2022-06-19

No, I will (probably) not be playing Diablo IV, either

Reposted from my other blog.

We're now two weeks past the launch of Diablo Immortal (D:I). The white hot outrage which was sparked by that game's monetization is starting to burn itself out; meanwhile, general sentiment about D:I itself, and about the Diablo franchise as a whole, has begun reverting to the mean.

That mean average level of sentiment seems a lot less positive towards the Diablo franchise as a whole than I expected, though, and while D:I has made a pile of cash in its first two weeks, that pile is also smaller than I thought it might be.

What in the Burning Hells is happening?

For context, the global mobile gaming market is larger than the console and PC gaming markets combined, so I was expecting D:I to out-earn Diablo III (D3) in its first week of release, but that isn't happening. Don't get me wrong, the USD $24 million which the game has earned is a big pile of cash, especially considering the that D:I was made on the cheap -- the game used NetEase's Hero engine, which was built for ARPGs, and recycled existing art assets from D3, both of which should have kept development costs very low.

For a little more context, though, recall that D3 sold 3 million copies in preorders alone, at USD $60 each, for USD $180 million in sales. Even if only 25% of that ended up in  Blizzard's bank accounts, that's still USD $45 million in preorders; the game sold another 3 million copies in the week after launch, and another 4 million units over the rest of that month. That's USD $600 million in sales in D3's first month alone, and something like $150 million in revenue to Blizzard themselves. 

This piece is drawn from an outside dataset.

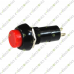 PBS-11 12mm Round SPST Push To Make Button Green 2-Pin PBS-11 12mm Round SPST Push To Make Button Green 2-Pin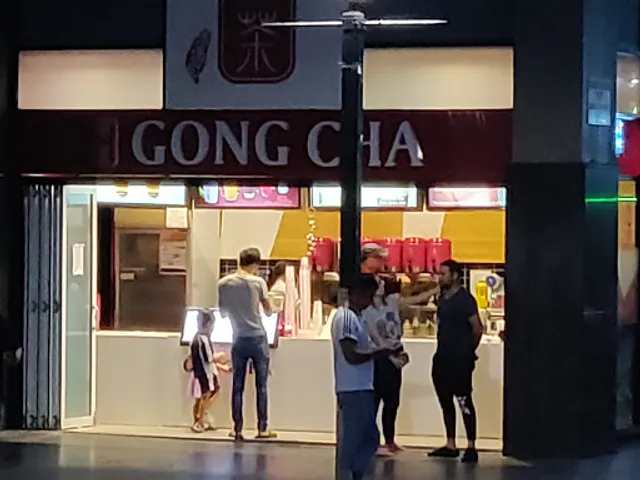 Gong Cha Auburn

I looks like I'm not the only person to notice, either. Thanks, Skill Up!

D:I is off to a slow start by comparison, and we haven't even adjusted for inflation yet. So while I understand the dismay of long-time fans of the genre, and detractors of the abusive monetization models which have become synonymous with the mobile gaming industry, I'm not panicking just yet. I don't think that D:I has succeeded wildly enough to be game-changing.

For proof of this, just look at the desperation on display around Diablo IV (D4), whose developers are doing desperate damage control in the wake of D:I's PR-disaster rollout. It's too bad that their damage control strategy involves arming everybody with the same carefully lawyered phrase about monetization being "anchored by" cosmetic mtx (microtransactions), which all of them clearly memorized and then recited in interview after interview. 

Pro Tip #1:

"Anchored by" does not mean "restricted to," which still leaves all sorts of wiggle room for them to sell player power via mtx by simply claiming that those things are not "anchors." In previous years, this might have worked, but Wyatt Cheng (D:I's director) did us a public service by previewing this very strategy just last week, which seems to have immunized gamers against it. In short, D4's devs are selling hard, but very few people seem to be buying.

Pro Tip #2:

Do not preorder any game, and especially don't preorder Diablo IV. Don't even trust the first reviews which come out on launch day, all of which will be reviews of the pre-release/mtx-free version of the game, and none of which will talk about the final form that the mtx end up taking. This is the Ubisoft play book, which Blizzard will absolutely be running with D4; wait for the mtx to actually be added to the game, and wait for the likes of Josh Strife Hayes to do a deep dive into the mtx structure, and then decide if you want to buy in.

All of this means that I was never going to buy D4 at launch, just on general principles. There's also the wee fact that the last game I bought at launch was D3, which... didn't go well.

But my misgivings about the upcoming release of D4 go beyond Blizzard's previous terrible game launches, or their recent turn to the monetization dark side. No, the biggest reason why I've mostly lost interest in D4 deal with what we know about the shape of D4 itself.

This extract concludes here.